A colleague whispered in my ear
Maybe we can save her baby
For the first time, I sat down thinking with my head down
“do we save him, or leave him happy with his mother without seeing the ugliness of this world,
Do I let him go with her
No.. no
My mission is to save him
I looked around
Her torn children
Her soul that’s leaving her body
The noise of planes and exploding barrels
Children’s crying that burns the heart
And my colleague whispering:
What are you waiting for
Come on
There’s a life we should get out
I looked at my scalpel and friend
To what life will you get him out?
The world of barrels, fire and disappointment?

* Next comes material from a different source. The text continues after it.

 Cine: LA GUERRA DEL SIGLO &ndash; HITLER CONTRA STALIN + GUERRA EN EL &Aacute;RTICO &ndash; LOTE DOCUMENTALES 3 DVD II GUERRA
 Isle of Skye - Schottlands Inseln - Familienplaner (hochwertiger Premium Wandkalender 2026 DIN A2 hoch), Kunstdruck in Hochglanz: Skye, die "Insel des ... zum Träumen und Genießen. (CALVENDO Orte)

The world of orphanhood, oppression and hunger?
Who will breastfeed him?
Who will change his pampers?
Who will rock him?
Who will hear his weeping?
Yes, he has a god that won’t give up on him, but I became unable, along with my scalpel, to even think
My colleague’s voice awoke me from my fantasies
“her heart stopped”
I’ll take him out now, with her dead
And for the first time in my life, I couldn’t do it, my scalpel stopped me. I put it on the table, and left in silence.
My colleague continued his work, his eyes full of tears, while looking at me in surprise
All that incident took only a few minutes, but it marked a years-long wound, a wound made of defeat and impotence. I didn’t imagine I’d read in the stories of Tatars’ massacres, inquisition stories, or even the pharaoh’s tales.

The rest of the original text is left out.